Listening to Londhe speak Vijaya Bhat, who came to the meeting with her husband Rajesh Bhat, commented she did not even get a chance to oppose the mobile tower in her building. When the residents moved in, they found the builder had already installed a mobile tower. The Bhats came from six-storey Riddhi Park building in Thakurli West, 50 km from Mumbai, to tell the story of Vijaya’s brain tumour which they suspect is linked to radiation from the tower. Rajesh is a Hindu priest and his wife Vijaya a homemaker. “Within four months of occupying the top floor flat, I began to fall sick.

imageTests showed I had brain tumour,” said Vijaya Bhat, 33, addressing the gathering.

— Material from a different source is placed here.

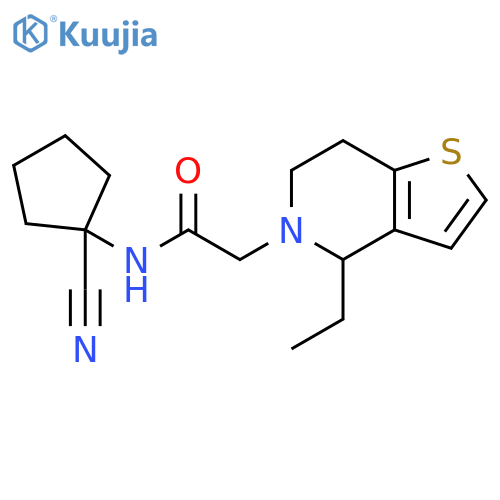 Thieno[3,2-c]pyridine-5(4H)-acetamide, N-(1-cyanocyclopentyl)-4-ethyl-6,7-dihydro- structure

She was operated last year at a cost of Rs 10 lakh.

The Bhats don’t live in their apartment any more; they have moved to a rented one. “My health is improving now. But even a day’s visit to the place I thought would be my home, makes me sick physically,” Vijaya said.

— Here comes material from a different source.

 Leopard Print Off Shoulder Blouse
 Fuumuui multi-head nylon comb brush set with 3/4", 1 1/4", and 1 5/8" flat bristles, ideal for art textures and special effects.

Her husband became agitated as Vijaya finished speaking and started hurling abuses at the government and at the politicians present at the meeting. “Do you understand the problems we common people have to face because of mobile towers? We have to suffer and die,” he burst out.

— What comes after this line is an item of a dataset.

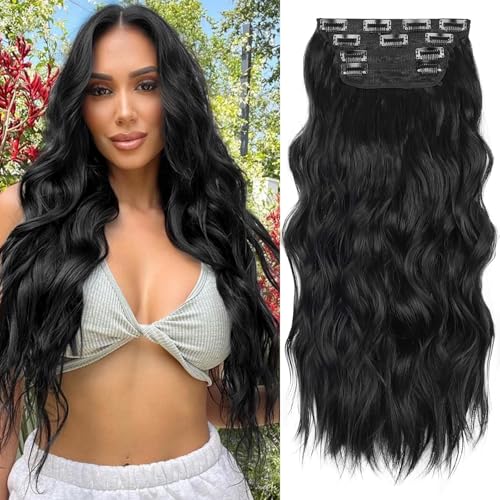 ALXNAN Clip in Long Wavy Synthetic Hair Extension 24 Inch Black 4PCS Thick Hairpieces Fiber Double Weft Hair for Women - Image 3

The Bhats are not the only ones suffering in the Riddhi Park complex. Rajesh said their neighbour is suffering from cancer of the spinal cord. Another neighbour gave birth to a child with birth defects; the child died soon after. He believes all this is linked to exposure to radiation from the mobile tower. “People are afraid of coming out and speaking openly against the tower,” Rajesh Bhat said.

All the 20-odd families residing in Riddhi Park are now demanding demolition of the mobile tower.

Laxmikant B Deshpande, telecom engineer, spoke next. He came from North Kasba in Solapur, 400 km away. He has been counting the deaths and listing their cause among people living within 300 feet (91.44 m) radius of a mobile tower. He found that in the last four years, nine people died since the installation of two towers (Vodafone and Idea) at North Kasba, near Tilak Chowk (see table). In Australia the price of the property goes down if there is a mobile tower in the vicinity, Deshpande told the forum.

The forum of people taking up cudgels against mobile towers is the brainchild of Milind Bembalkar, mechanical engineer who runs his own business in Latur, 750 km from Mumbai. He has been writing articles on the menace in Marathi newspapers and magazines for the past one year. When in one article Bembalkar asked readers affected by mobile towers to get in touch with him he was surprised to receive 300 letters. “I also received phone calls from all over Maharashtra expressing concern and helplessness. That was how the forum was born,” Bembalkar said.

Ramchandra G Pradhan, 83 years and a journalist, came to attend the meeting with plenty of reading material on the ill-effects of radiation from mobile towers. He resides in Thane district’s Bhavani Society. He erupted with skin rashes a year ago; these, he told the meeting, developed when a Bharati Airtel tower was installed atop his building. “We need to be aware of side-effects of radiation and then raise questions in the Assembly,” he said. Pradhan then lifted his shirt and showed the rashes all over his body, which he claimed, disappear when he stays away from his house. “My doctor has confirmed these rashes are linked to radiation from the mobile tower,” he added.

image

The forums’ first meeting ended with the release of a list of people who claimed they were suffering from sleep disorders, restlessness and fatigue since the time a mobile tower was installed on their building. They decided to first build a body of well documented case studies with doctors analyzing the cases; armed with facts on people’s suffering members said they would take the battle to its next stage.